Start here: how our SEO split tests work
If you aren't familiar with the fundamentals of how we run controlled SEO experiments that form the basis of all our case studies, then you might find it useful to start by reading the explanation at the end of this article before digesting the details of the case study below. If you'd like to get a new case study by email every two weeks, just enter your email address here.
The Case Study
Image alt text is one of those on-page elements that SEOs have debated for years. It is widely recommended as a best practice, both by Google and for accessibility reasons, but whether it actually measurably influences organic rankings is less clear. On listing and category pages, where dozens of images are often served with generic or empty alt attributes, there is a reasonable case that making alt text more descriptive could help search engines better understand what the page is about.
The question at hand was whether combining the individual listing name with the page category in the alt text would provide Google with a more informative signal compared to a generic description. The hypothesis was that using more precise, query-aligned alt text would enhance the ranking of these pages for relevant searches, especially for type and class-level queries.
What was changed
A customer of ours that serves classifieds listings updated the alt text on their listing images across their category pages. Each image was given alt text that combined the individual listing name with the page category heading, replacing previously generic or minimal descriptions. In contrast, the control pages kept the original alt text.
Results
The results of this test were inconclusive. We did not observe any statistically significant change in organic traffic in either direction. The best estimate indicated a 7.3% increase in organic sessions; however, the 95% credible interval ranged from -4.2% to +19.4%, which crosses zero. Additionally, the outcome was highly stable, suggesting that it is unlikely to become significant with more data.

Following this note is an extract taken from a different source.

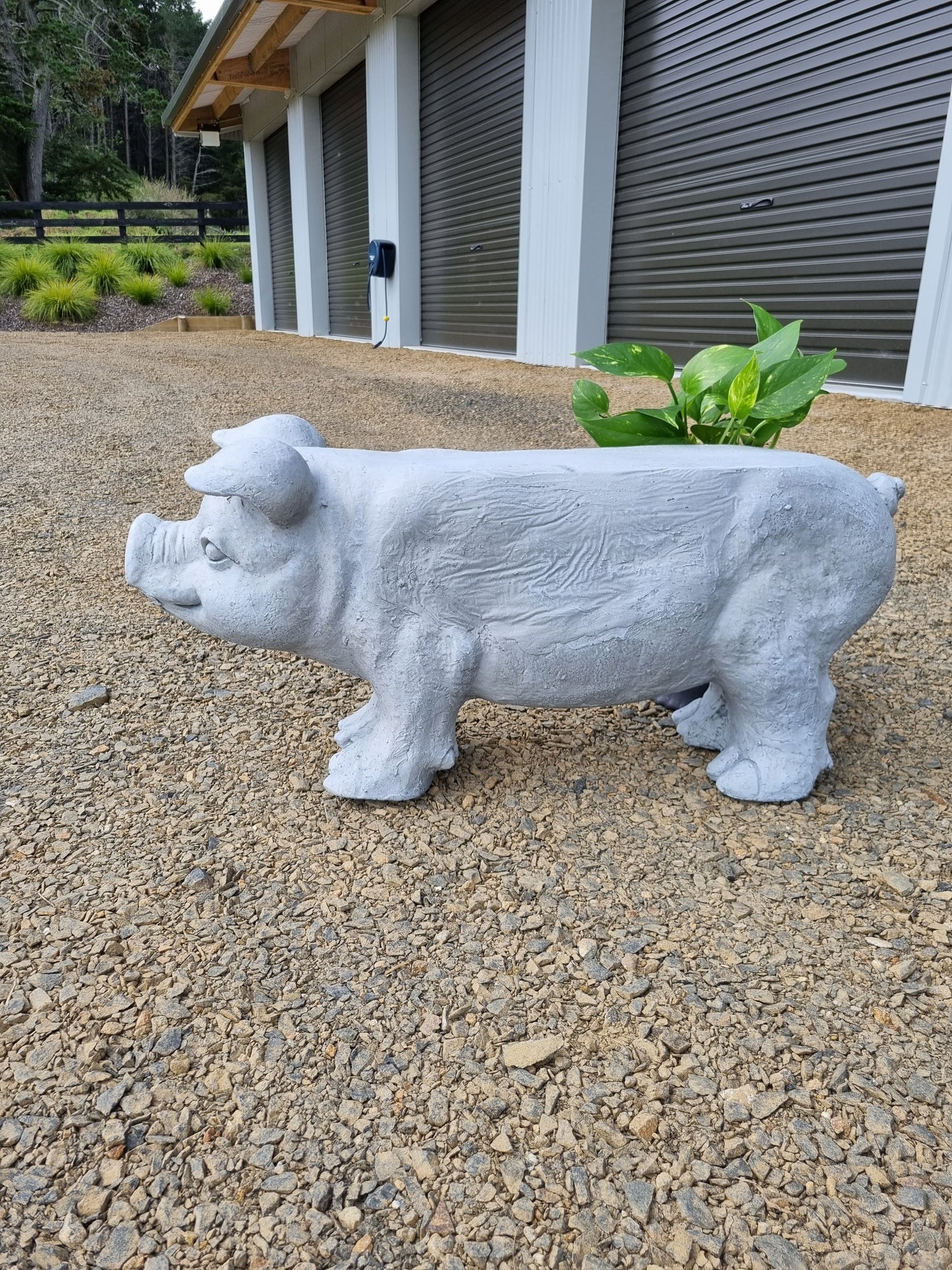 Outdoor Pig Stool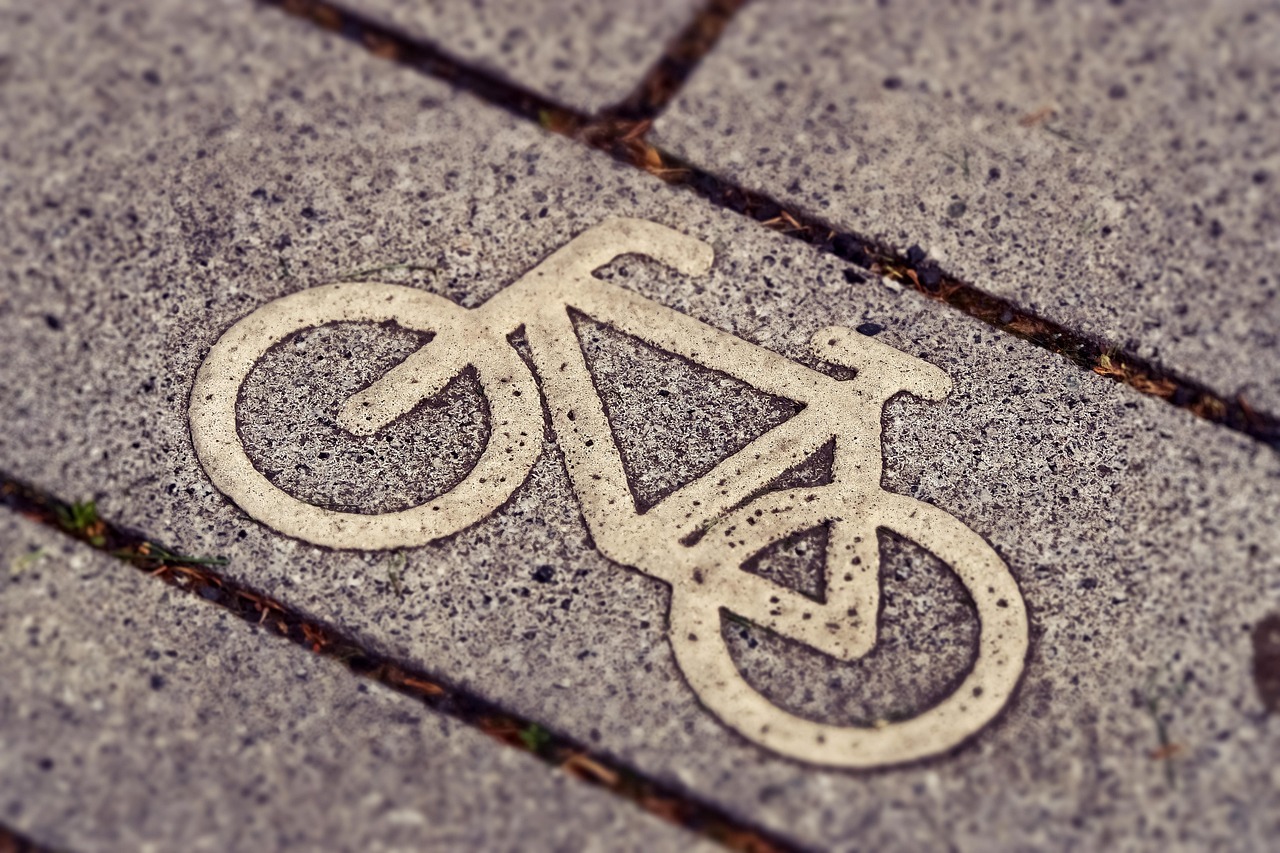 cand se planteaza bujorii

This is consistent with what we have seen in previous alt text tests, where adding keyword-rich alt text to images on category pages also produced no statistically significant change. The pattern suggests that while alt text may play a role in image search specifically, it does not appear to be a meaningful ranking signal for standard organic traffic on these page types.
As always, results will vary depending on the site and implementation. In this case, the customer proceeded with the change for accessibility reasons without concern that it would negatively affect organic performance.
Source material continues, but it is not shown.